(Short descriptive text snippets)
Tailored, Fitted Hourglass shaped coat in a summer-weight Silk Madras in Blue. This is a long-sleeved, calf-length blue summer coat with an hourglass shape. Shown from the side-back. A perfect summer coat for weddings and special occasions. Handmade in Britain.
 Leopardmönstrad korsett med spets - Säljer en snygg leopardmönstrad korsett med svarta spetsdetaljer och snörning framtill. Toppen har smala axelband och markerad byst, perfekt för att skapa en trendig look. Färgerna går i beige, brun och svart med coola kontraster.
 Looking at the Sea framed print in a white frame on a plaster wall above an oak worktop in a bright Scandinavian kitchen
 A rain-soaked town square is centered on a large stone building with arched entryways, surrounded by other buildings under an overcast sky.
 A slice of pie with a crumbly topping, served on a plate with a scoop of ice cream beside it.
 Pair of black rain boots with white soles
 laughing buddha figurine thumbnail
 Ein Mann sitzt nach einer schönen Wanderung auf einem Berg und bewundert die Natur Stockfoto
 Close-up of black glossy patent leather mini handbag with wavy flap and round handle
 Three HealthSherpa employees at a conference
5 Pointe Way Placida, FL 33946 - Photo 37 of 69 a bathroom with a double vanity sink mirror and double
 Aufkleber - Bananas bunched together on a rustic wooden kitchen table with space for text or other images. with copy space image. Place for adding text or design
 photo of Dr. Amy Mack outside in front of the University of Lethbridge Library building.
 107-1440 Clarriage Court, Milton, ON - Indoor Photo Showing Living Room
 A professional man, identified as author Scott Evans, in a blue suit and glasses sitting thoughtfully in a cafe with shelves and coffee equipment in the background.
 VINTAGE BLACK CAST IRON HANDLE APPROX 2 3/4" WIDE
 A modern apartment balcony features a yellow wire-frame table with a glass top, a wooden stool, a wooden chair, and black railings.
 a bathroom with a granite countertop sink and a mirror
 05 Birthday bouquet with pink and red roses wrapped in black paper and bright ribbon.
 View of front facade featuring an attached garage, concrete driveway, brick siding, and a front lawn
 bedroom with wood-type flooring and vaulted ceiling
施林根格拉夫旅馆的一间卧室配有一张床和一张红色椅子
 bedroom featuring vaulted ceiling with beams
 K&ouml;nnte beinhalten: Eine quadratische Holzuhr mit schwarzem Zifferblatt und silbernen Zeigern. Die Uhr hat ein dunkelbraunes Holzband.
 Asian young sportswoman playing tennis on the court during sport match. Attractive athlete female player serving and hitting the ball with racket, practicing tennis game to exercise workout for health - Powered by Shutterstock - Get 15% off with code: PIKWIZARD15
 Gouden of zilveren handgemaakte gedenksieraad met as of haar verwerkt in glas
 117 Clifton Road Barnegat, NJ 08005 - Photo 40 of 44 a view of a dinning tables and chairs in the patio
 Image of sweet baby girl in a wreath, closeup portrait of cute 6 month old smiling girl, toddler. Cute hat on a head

## Exercise goal
The expected answer is an exact copy of the lines above, beginning at the line with "photo of Dr." and ending at the line with "05 Birthday bouquet", with both ends in.

## Result of this exercise
 photo of Dr. Amy Mack outside in front of the University of Lethbridge Library building.
 107-1440 Clarriage Court, Milton, ON - Indoor Photo Showing Living Room
 A professional man, identified as author Scott Evans, in a blue suit and glasses sitting thoughtfully in a cafe with shelves and coffee equipment in the background.
 VINTAGE BLACK CAST IRON HANDLE APPROX 2 3/4" WIDE
 A modern apartment balcony features a yellow wire-frame table with a glass top, a wooden stool, a wooden chair, and black railings.
 a bathroom with a granite countertop sink and a mirror
 05 Birthday bouquet with pink and red roses wrapped in black paper and bright ribbon.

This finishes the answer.